My closest guides during these past years have been the Creator and nature: my greatest teachers, Jesus, Mary and wildlife. Writing is still a central way of expressing ideas and much has been born from this long gestation. A few books are unfolding and poetry has become a primary instrument and a source of great nourishment. Perhaps because of the curtailment of talking, or impatience that accompanies illness, expressing much with as few words as possible became an experiment that forced me to abject honesty and pinpointed truths. Too, poetry has opened a door to one of the greatest treasures available - beauty. Where else in literature can beauty be found in its finest art? Where can nature's beauty - and the human heart - be more formally captured and expressed? For myself, I was to find in the ugliness of suffering the subtle beauty of vulnerability, the strength that God reveals through weakness, the truths that Jesus exposes over time and the slow, cyclical process of healing that goes on invisibly within the dark, damp earth of oneself.
A few fresh shoots are pushing up now and I desire to share them.

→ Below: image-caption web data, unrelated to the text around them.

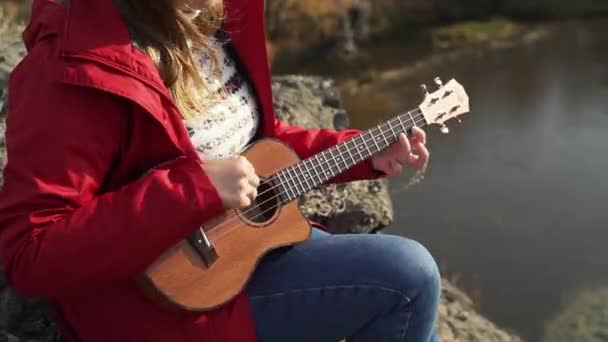 Mulher branca senta-se na rocha e toca ukulele. Seu cabelo loiro é soprado pelo vento. Ela toca as cordas de uma guitarra pequena. Outono, folhas amarelas nas árvores. Passatempos, cordas, música — Vídeo de Stock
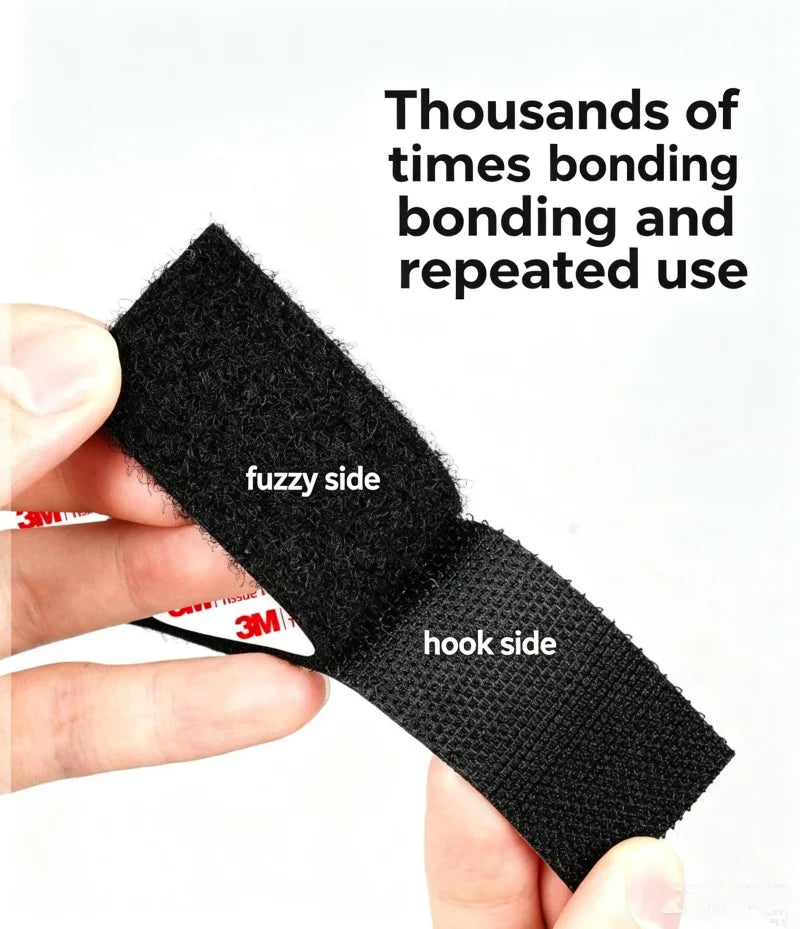 A hand holds a piece of black hook and loop tape, showing the fuzzy side and the hook side.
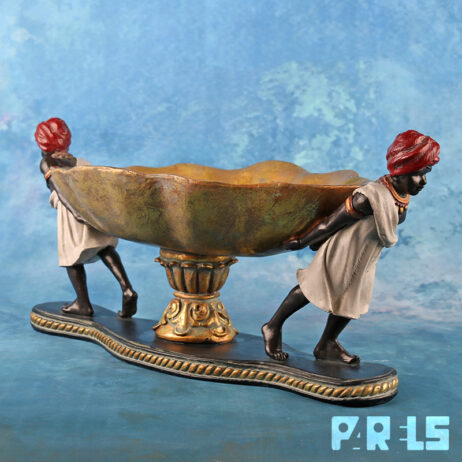 blackamoor schaal vintage decoratie kunstobject centerpiece koloniale stijl oriëntaals klassiek interieur ornament goudkleurig Afrikaans Moors Moren fruitschaal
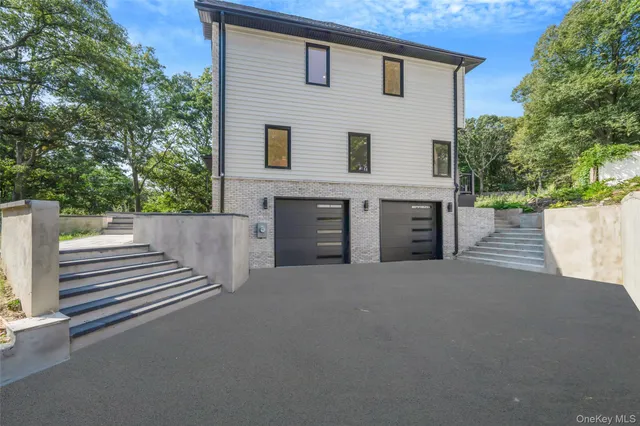 a view of a house with a yard and garage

By spring 2011 a web-log on Contemplating Jesus will be launched which I trust will be a resource for those wishing to deepen their love and knowledge of the Lord. A narrative pastoral poem and other books will be shared electronically including works in progress.
When I was in Calcutta many years ago researching and interviewing for Mother Teresa's "A Simple Path," one of the Missionaries of Charity sisters close to Mother -- after giving me permission to proceed -- said "Go do something beautiful for God," a term Mother Teresa frequently used. It brought tears to my eyes because it was a reminder that whatever I was doing, or hoped to achieve, the intent behind motivation and manifestation must draw from this one purpose alone.